Hi Qorvo Support Team,
I am working on a research project using the DWM3001CDK development kit. My primary goal is to continuously stream the raw Channel Impulse Response (CIR) data to a host PC for real-time analysis of human activity.
Current Setup:
Hardware: Two DWM3001CDK boards (one Initiator, one Responder).
Firmware: Based on the DWM3001CDK-DW3_QM33_SDK-FreeRTOS example.
Modification: I have successfully modified the firmware on the Responder board to read the CIR data from the accumulator. Specifically, within the mcps_rx_cb callback function, I am calling dwt_readaccdata() to get the full CIR (approx. 4KB) and then printing it to the UART.
The Problem:
While I can successfully read and print the CIR data, I am facing a significant bottleneck. The system exhibits the following behavior:
It prints a few CIR data blocks in a quick burst.
It then completely freezes for a long period (approximately 15-17 seconds).
After the long pause, the cycle repeats.
This behavior prevents me from achieving the continuous, high-frequency data stream required for my research.
Troubleshooting Steps Already Taken:
Based on my investigation and similar issues reported in the forums, I have already tried the following, which did not solve the long pause issue:
Increased UART Baud Rate: I modified the UART initialization code to operate at 1,000,000 baud and confirmed the setting in Tera Term.
Increased Task Stack Size: Suspecting a stack overflow, I significantly increased the MCPS_TASK_STACK_SIZE_BYTES to 8192 bytes.

My Core Question:
Given that printing 4KB of data, even over a fast UART, is a relatively slow operation, what is the recommended architectural approach to continuously stream the full CIR data from the DWM3001CDK without causing the entire system to halt or reset (likely due to a watchdog timer)?
Is there a specific configuration, a more efficient printing method (e.g., DMA with RTT), or a fundamental flaw in my approach of trying to stream the entire CIR at a high frequency?
Any guidance, code examples, or pointers to relevant application notes would be immensely appreciated.
Thank you for your time and support.
Best regards,

Munther Abdulameer

How fast are you attempting to get the CIR data?
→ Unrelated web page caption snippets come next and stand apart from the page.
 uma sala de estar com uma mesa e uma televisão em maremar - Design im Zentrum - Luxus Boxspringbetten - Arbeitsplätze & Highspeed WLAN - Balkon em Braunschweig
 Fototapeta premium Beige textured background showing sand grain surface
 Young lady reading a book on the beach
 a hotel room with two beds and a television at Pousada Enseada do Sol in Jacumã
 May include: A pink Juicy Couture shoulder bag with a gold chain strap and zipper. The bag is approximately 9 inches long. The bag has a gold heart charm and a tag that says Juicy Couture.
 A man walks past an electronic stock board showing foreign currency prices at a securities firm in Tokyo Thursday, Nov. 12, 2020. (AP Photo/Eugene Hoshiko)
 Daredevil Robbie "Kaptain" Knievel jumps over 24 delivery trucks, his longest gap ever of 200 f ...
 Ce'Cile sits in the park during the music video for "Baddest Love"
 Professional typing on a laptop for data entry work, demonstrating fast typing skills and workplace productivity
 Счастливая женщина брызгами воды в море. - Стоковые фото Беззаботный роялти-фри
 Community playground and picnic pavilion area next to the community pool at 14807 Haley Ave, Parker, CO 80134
On the DWM3000 each CIR sample is 6 bytes containing 2 18 bit values. So depending on how you output it from your system that puts it between 4.5 and 6 bytes per sample. Slightly over the 4k per CIR that you said.
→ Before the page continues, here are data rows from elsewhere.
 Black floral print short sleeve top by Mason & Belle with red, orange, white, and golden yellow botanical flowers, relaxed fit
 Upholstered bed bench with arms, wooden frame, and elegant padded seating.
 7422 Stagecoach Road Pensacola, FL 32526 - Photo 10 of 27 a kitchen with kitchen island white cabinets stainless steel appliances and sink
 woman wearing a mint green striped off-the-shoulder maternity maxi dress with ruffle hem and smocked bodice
Assuming 4k bytes per CIR for simplicity and running the uart at 1,000,000 baud you can get 10e6 / (4000*10) = 25 CIR data sets per second. Or to put it another way you need to leave an absolute minimum of 40ms between each CIR that you attempt to send over serial. Generally running a UART at 100%, especailly at higher rates, results in syncronisation issues. You need occasional gaps in the data to let things re-sync. So realisitically a basic approach is going to be capped at around 20 outputs per second.

If you try to output faster than the maximum then data will be going into the UART output buffer faster than it can output it. If that happens for any length of time it doesn’t matter how much buffer you allow, it’s going to fail.
Two things to get the current system stable: 1) change your code so that when you get a new CIR you check if there is space for it in the output buffer. If there isn’t discard it. 2) Make sure the average rate at which you try to collect CIR data is less than the theoretical max for your UART output rate.
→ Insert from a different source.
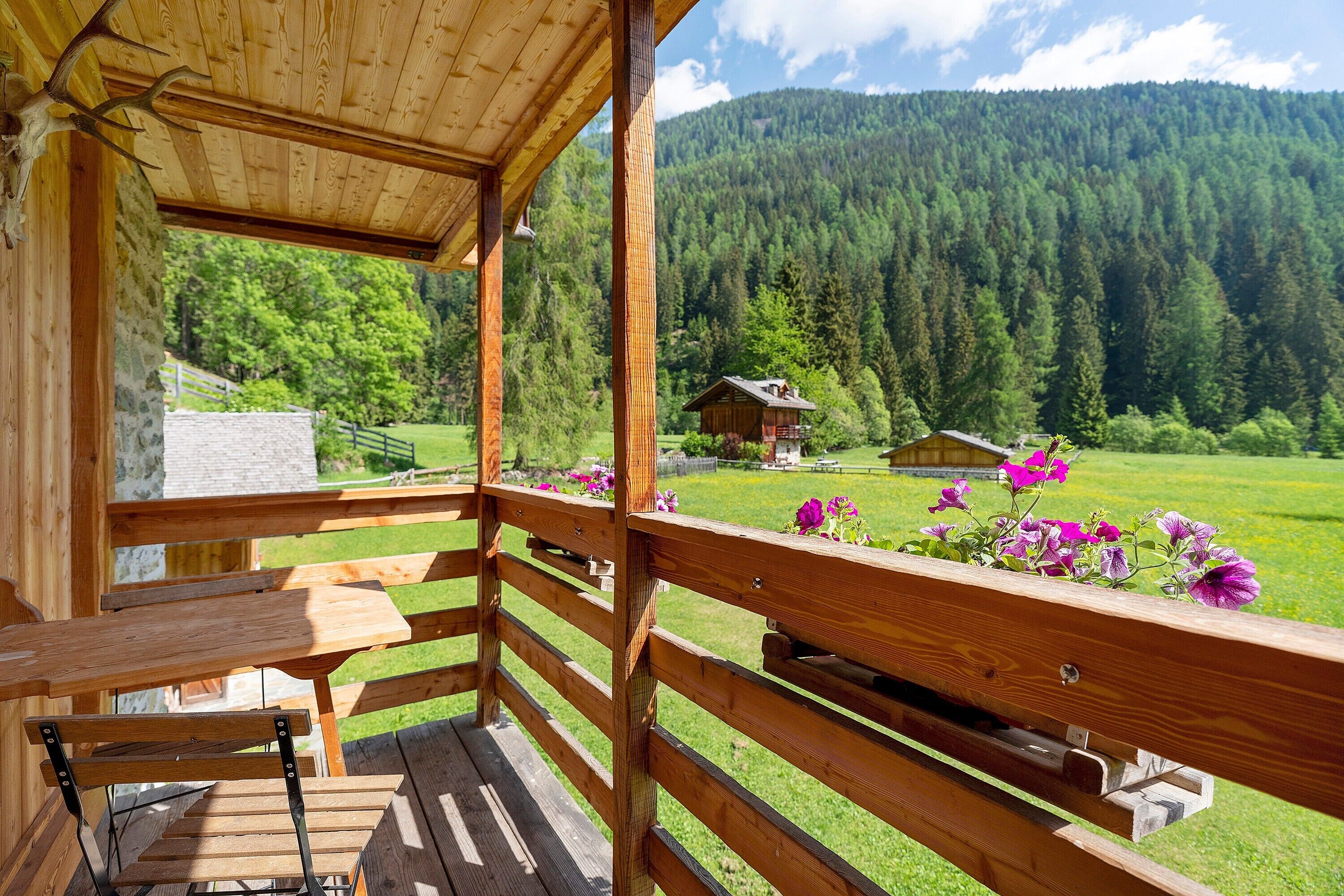 A wooden deck with a bench and a table, overlooking a green field and a forested mountain.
If you need data at a higher rate then look at some form of compression. Maybe you only need the magnitude rather than both the I and Q? In that case calculate it on the unit and send that, you’ve just halved the amount of data. Worst case you’re at 19 bits per value, if you don’t mind clipping if it hits the max or dropping the least significant couple of bits then you can get that down to 16 bits per sample.
On top of that the first 3/4 of the data, before the reception time, is generally fairly low values. You could probably get away with less bits for that period. Or possibly only send the changes between values.